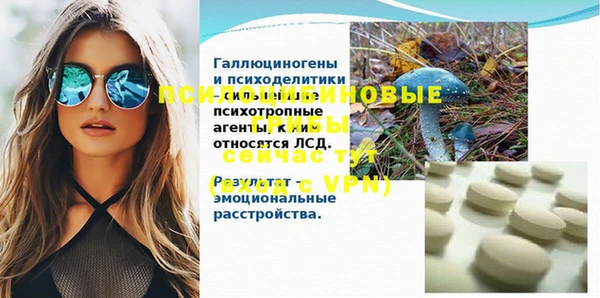 винт Заречный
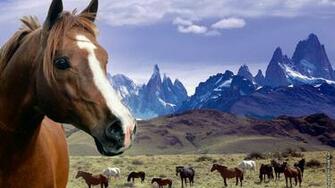 Chevaux Nature Beaut Montagnes Animaux Gratuit Belle Fond D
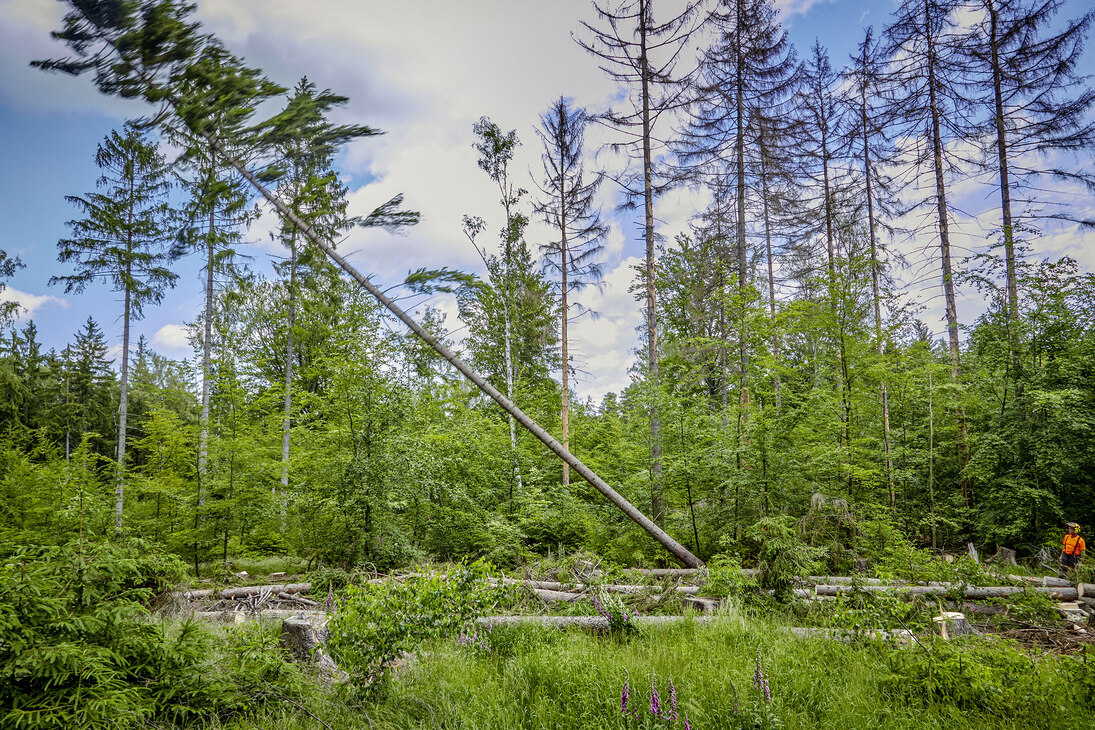 Bild einer borkenkäfergeschädigten Waldfläche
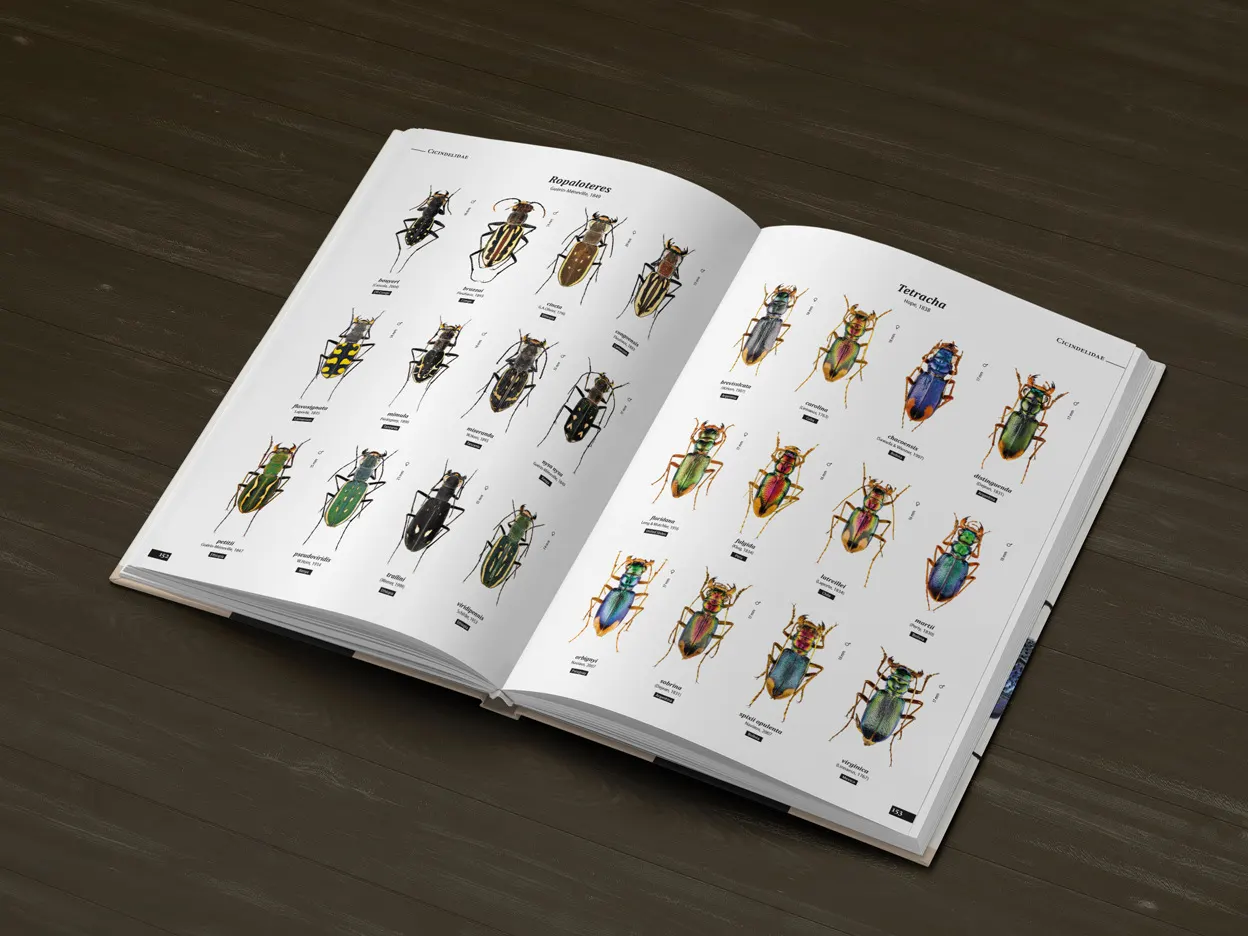 Tiger Beetles of the World - Illustrated Guide to the Genera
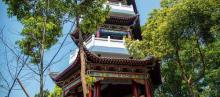 万绿湖风景区18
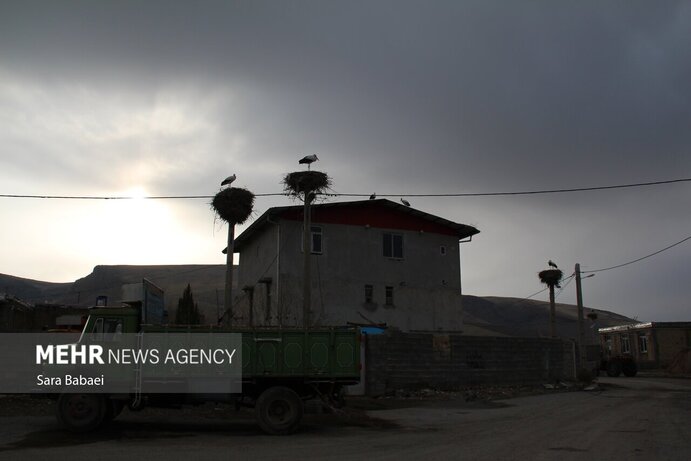 تصاویر | هم زیستی با لک‌لک‌ها در خوشینان علیا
------------------------
Exercise requirements:
Output the lines above in full and exactly as given, omitting any pictures.

Reply to the task:
 винт Заречный
 Chevaux Nature Beaut Montagnes Animaux Gratuit Belle Fond D
 Bild einer borkenkäfergeschädigten Waldfläche
 Tiger Beetles of the World - Illustrated Guide to the Genera
 万绿湖风景区18
 تصاویر | هم زیستی با لک‌لک‌ها در خوشینان علیا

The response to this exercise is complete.